A third N-SMase protein – termed nSMase3 – was cloned and characterized in 2006. nSMase3 bears little sequence similarity to either nSMase1 or nSMase2. However, there appears to be a high degree of evolutionary conservation from lower to higher organisms, suggesting that it may comprise a unique and distinct N-SMase. The high expression of nSMase3 in heart and skeletal muscle also suggests potential roles in heart function.

===Active site===

Magnified view of SMase active site with Co^{2+} ions bound showing residues responsible for divalent metal cation binding. From .

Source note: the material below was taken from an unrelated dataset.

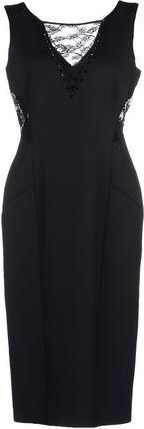 Angelo Marani VESTIDOS - Vestidos midi en YOOX.COM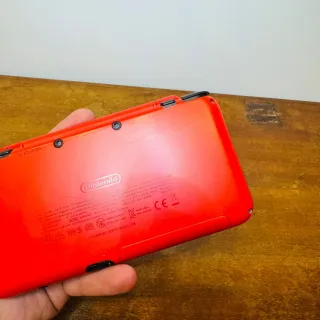 New Nintendo 2DS XL Pokeball Edition Pokemon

The solving of the crystal structure of the neutral sphingomyelinase from Listeria ivanovii and Bacillus cereus has allowed a fuller understanding of their enzymatic site. The active site of the B. cereus SMase comprises the residues Asn-16, Glu-53, Asp-195, Asn-197, and His-296. Of these, the residues Glu-53, Asp-195, and His-296 are known to be essential for activity. The relative catalytic activities of SMase when metal ions are bound to the active site have been studied for divalent metal ions Co(2+), Mn(2+), Mg(2+), Ca(2+), and Sr(2+). Of these five metal ions, Co^{2+}, Mn^{2+}, and Mg^{2+} bound to the active site result in high catalytic activity of SMase. Ca^{2+} and Sr^{2+} bound to the active site exhibit much lower catalytic activity of SMase. When one Mg^{2+} ion or two Co^{2+} ions bind to the active site, double hexa-coordinated geometry results with two square bipyramids (octahedra) for Co^{2+} and one octahedron for Mg^{2+}. When one Ca^{2+} ion binds to the active site, a hepta-coordinated geometry results. Therefore, the difference in catalytic activity for metal ions is predicted to be due to geometrical differences. Of Co^{2+} and Mg^{2+}, SMase has better reactivity when two Co^{2+} ions are bound to SMase; when these Co^{2+} ions are bound, Glu-53 and His-296 each bind one divalent metal cation. These cations are surrounded by bridged water molecules and function as Lewis acids.

===Mechanism===

The solving of the crystal structure of the neutral sphingomyelinase from Listeria ivanovii and Bacillus cereus has also shed light on their catalytic mechanisms. The active site of SMase contains Glu and His residues that are each bound to one or two divalent metal cations, usually Co^{2+}, Mg^{2+}, or Ca^{2+} for optimum performance. These two cations assist in catalysis by recruiting SM to the active site of SMase. The divalent cation bound to the Glu residue interacts with the amido-oxygen and ester-oxygen between C1 and the phosphate group of SM; an Asn residue and the divalent metal cation bound to the His residue bind to the oxygen atoms of the phosphate group of SM. This stabilizes the phosphate group's negative charge. The metal cation bound to the His residue and Asp and Asn side chains lower the pKa value of one of the bridged water molecules, thus activating a water molecule. This water molecule then acts as a nucleophile and attacks the phosphate group of SM, creating a pentavalent phosphorus atom whose negative charge is stabilized by the divalent metal cations. The phosphate then reforms its tetrahedral conformation and results in the products ceramide and phosphocholine. In 2016 a model based on crystal structure of mammalian acid sphingomyelinase study was proposed whereby ASMase exists in equilibrium between open and closed forms of the saposin domain. In the absence of membranes, closed ASMasesap decoupled from ASMasecat would predominate and render the enzyme inactive. In the presence of anionic membranes, open ASMasesap becomes prevalent, docks onto the membrane surface, and concomitantly forms an interface with the catalytic domain activating it for sphingomyelin hydrolysis.